| What you will do |
Starting at the first line of the entries below, please return exactly each line up to and including the one with "Super Mario RPG"; pictures stay out.

| Data to process |
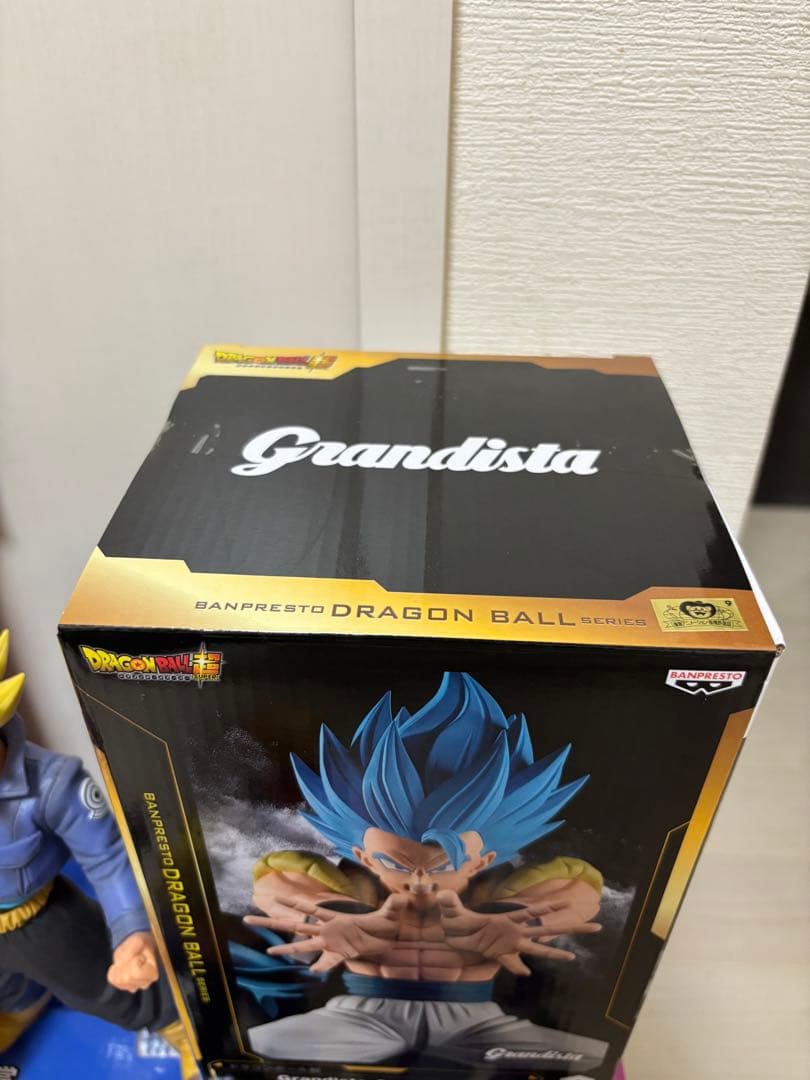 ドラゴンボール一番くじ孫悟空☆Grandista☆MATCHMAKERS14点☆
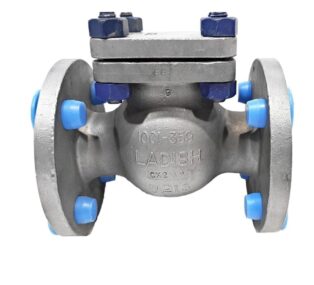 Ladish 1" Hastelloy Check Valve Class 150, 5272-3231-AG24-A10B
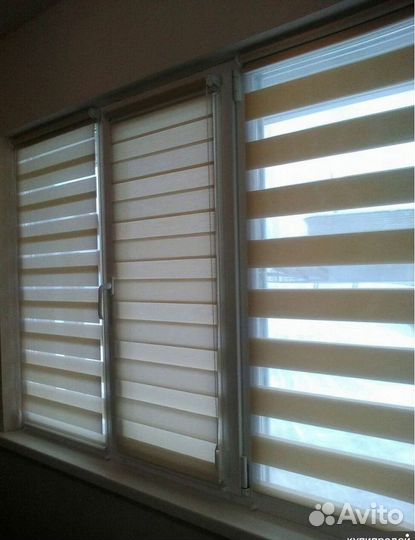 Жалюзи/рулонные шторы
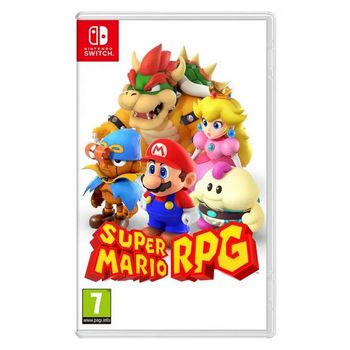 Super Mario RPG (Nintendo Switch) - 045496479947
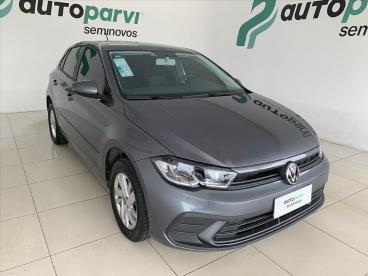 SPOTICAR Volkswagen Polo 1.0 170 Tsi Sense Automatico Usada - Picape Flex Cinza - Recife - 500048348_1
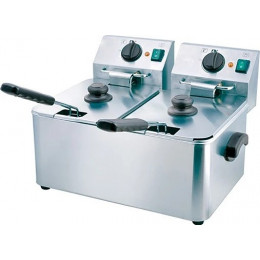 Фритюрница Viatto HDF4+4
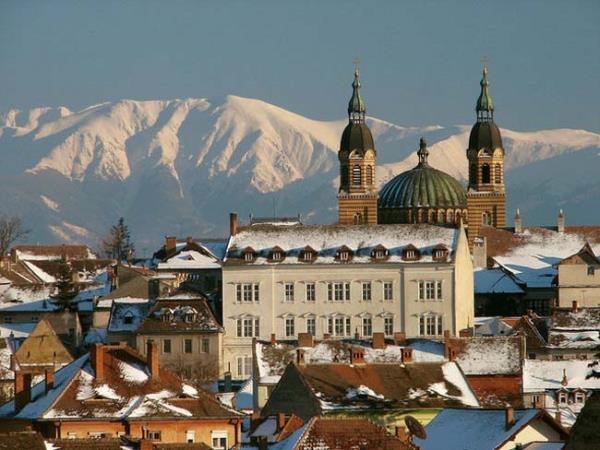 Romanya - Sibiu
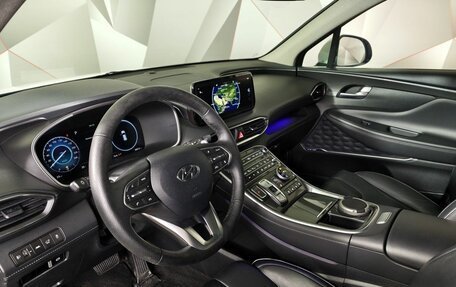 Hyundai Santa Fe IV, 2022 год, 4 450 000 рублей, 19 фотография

| Task answer |
 ドラゴンボール一番くじ孫悟空☆Grandista☆MATCHMAKERS14点☆
 Ladish 1" Hastelloy Check Valve Class 150, 5272-3231-AG24-A10B
 Жалюзи/рулонные шторы
 Super Mario RPG (Nintendo Switch) - 045496479947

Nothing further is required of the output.